Providers in West Wendover billed $227,072 for Medicaid services categorized under Procedures / Professional Services in 2024, according to the U.S. Department of Health and Human Services Medicaid Provider Spending database. This represented a 31% rise from 2023, when $173,346 in claims were submitted for the same category.
Medicaid, a public health insurance program funded collectively by federal and state governments and administered by the states, supports low-income individuals and families, children, seniors, and people with disabilities, making it a major part of the U.S. health care system.
Because Medicaid is supported by taxpayer funding, shifts in local billing levels offer insight into how public health funds are distributed in specific communities.
The Procedures / Professional Services category covers a group of Medicaid-billed services organized by standardized HCPCS and CPT code groupings, defined by the type of care involved.

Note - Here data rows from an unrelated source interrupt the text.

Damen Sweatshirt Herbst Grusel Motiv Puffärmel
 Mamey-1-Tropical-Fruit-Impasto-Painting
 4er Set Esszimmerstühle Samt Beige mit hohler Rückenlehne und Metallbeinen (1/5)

For the purposes of this analysis, each code was classified within a single category based on systematic code prefixes and numeric ranges, providing a means to analyze related services together while preventing double counting and maintaining accurate rankings across years.

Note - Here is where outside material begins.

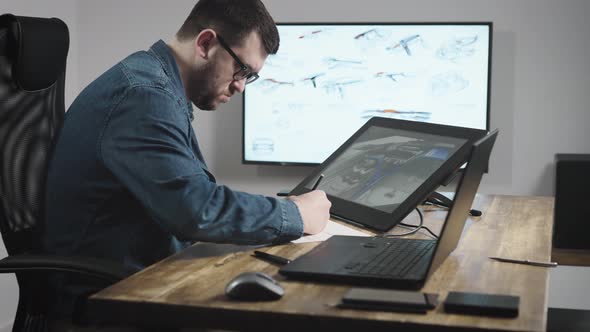 A Talented Industrial Designer Sketches a Car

While Medicaid payments have grown across multiple service categories, Procedures / Professional Services saw the highest total Medicaid payments in West Wendover in 2024.
Statewide, Nevada ranked Procedures / Professional Services as ninth by total Medicaid payments in 2024.
From 2019 through 2024, Medicaid payments related to Procedures / Professional Services in West Wendover increased by $55,166, or 32.1%. The pace of growth varied, with notable jumps occurring in 2020 and 2021.
Spending for Procedures / Professional Services was present across the city but was especially concentrated in a few ZIP codes. ZIP code 89883 was the leading area in 2024, accounting for $227,071 in Medicaid payments for this service group. The top ZIP code made up 100% of all Medicaid payments tied to the category in West Wendover during the year.
Medicaid spending within the Procedures / Professional Services group was also focused on a small handful of individual billing codes.
To compare, Medicaid payments for Procedures / Professional Services in West Wendover went up by 31% from 2023 to 2024, while all Medicaid claim categories in the city saw a 37.8% change during that span.
According to the Centers for Medicare & Medicaid Services, combined federal and state Medicaid expenditures totaled about $871.7 billion in the 2023 fiscal year, representing roughly 18% of total national health outlays—a steep increase from approximately $613.5 billion in 2019, before the COVID-19 pandemic.
This rise reflects approximately 40% growth over a short period, driven mainly by larger enrollment and increased usage during and after the COVID-19 pandemic.
Recent federal budget measures under the Trump administration proposed major reductions to federal Medicaid funding and introduced structural changes. For instance, the “One Big Beautiful Bill Act,” enacted in 2025, is projected to reduce federal Medicaid spending by over $1 trillion in the coming decade by introducing work requirements and raising cost-sharing, which may limit coverage and funding for certain beneficiaries. These policy changes are anticipated to shift more financial responsibility to states and may restrict growth in federal Medicaid assistance, even as the program remains a critical source of coverage for millions of Americans.
| Year | Total Medicaid Payments | % Change From Previous Year |
|---|---|---|
| 2020 | $171,905 | 24.9% |
| 2021 | $213,679 | 24.3% |
| 2022 | $178,950 | -16.3% |
| 2023 | $173,345 | -3.1% |
| 2024 | $227,071 | 31% |
| Rank | Category | Medicaid Payments | Share of City Total |
|---|---|---|---|
| 1 | Procedures / Professional Services | $227,071 | 78.9% |
| 2 | Ambulance and Other Transport Services and Supplies | $60,470 | 21% |
| 3 | Evaluation and Management | $132 | <0.1% |
| HCPCS Code | Description | Medicaid Payments | Claims |
|---|---|---|---|
| G0467 | Fqhc visit, estab pt | $227,071 | 14 |
Note: HCPCS codes are shown for context within the category. Category totals and rankings in this article are based on standardized service groupings rather than individual billing codes.
Information in this article was obtained from the U.S. Department of Health and Human Services Medicaid Provider Spending database. The source data can be found here.